A decision will be taken this week on plans to convert a high street’s landmark bank building into 22 homes.
The scheme for the empty former Lloyds Bank in Shields Road in Byker, Newcastle, is the latest development in a trend which has seen the end for a string of institutions, such as banks and department stores, which were once the backbone of North East shopping streets.
The three-storey imposing sandstone bank in Shields Road, which was built in 1904 but has been empty for seven years, is on the city council’s Local List of heritage asset buildings.
“During this time there have been no planning inquiries or other planning interest in the building,” say planners.
“The proposal is seeking to secure a sustainable long term use for the building together with restoration of those significant elements of its structure.” Planners are advising city councillors to back the scheme when it comes before them on Friday.
Also on Shields Road is the former Parrish’s department store, which is now used for student accommodation.
And the 1910 Beavans department store on Shields Road has been converted into flats.
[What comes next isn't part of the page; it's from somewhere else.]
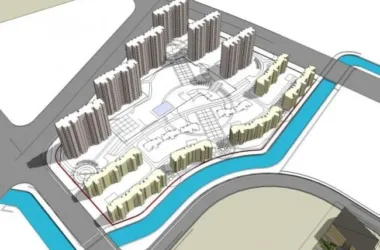 Modern Multi-Story Commercial Complex Designed in SketchUp-BIM WORLD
Elsewhere in Newcastle, on premier thoroughfares such as Collingwood Street, Mosley Street and Grey Street, former banks and commerce buildings have become bars and restaurants.
The 1930s Co-op department store in Newgate Street has just been sold for hotel, leisure and retail use and the old Wenger’s store in Grainger Street is now a Yates’s bar.
Conservation architect Cyril Winskell, who has led townscape studies of Newcastle and Gateshead, said: “ Towns and cities are always changing. Such change is ongoing - it never stops. It changes constantly.
“With buildings like banks and department stores you can see the pattern of change.
“The uses of buildings change as society and the facilities it needs also change.”
Mr Winskell said older department stores had gone out of use as the retail trade changed, including out of town shopping and shopping malls, and hypermarkets.
“Now it is reverting back as supermarket chains return to the corner shop idea and are opening small convenience stores,” he said.
“Banking has also changed radically, with online.”
Mr Winskell said change had also hit other sectors, such as religion, with churches used for a variety of other purposes, including housing, as congregations have shrunk.
“The exception which proves the rule is sport, with football grounds like St James’ Park and Anfield at Liverpool remaining and still packed out. But at least the current trend is to reuse buildings whereas after the last war the trend was for wholesale change and comprehensive redevelopment.”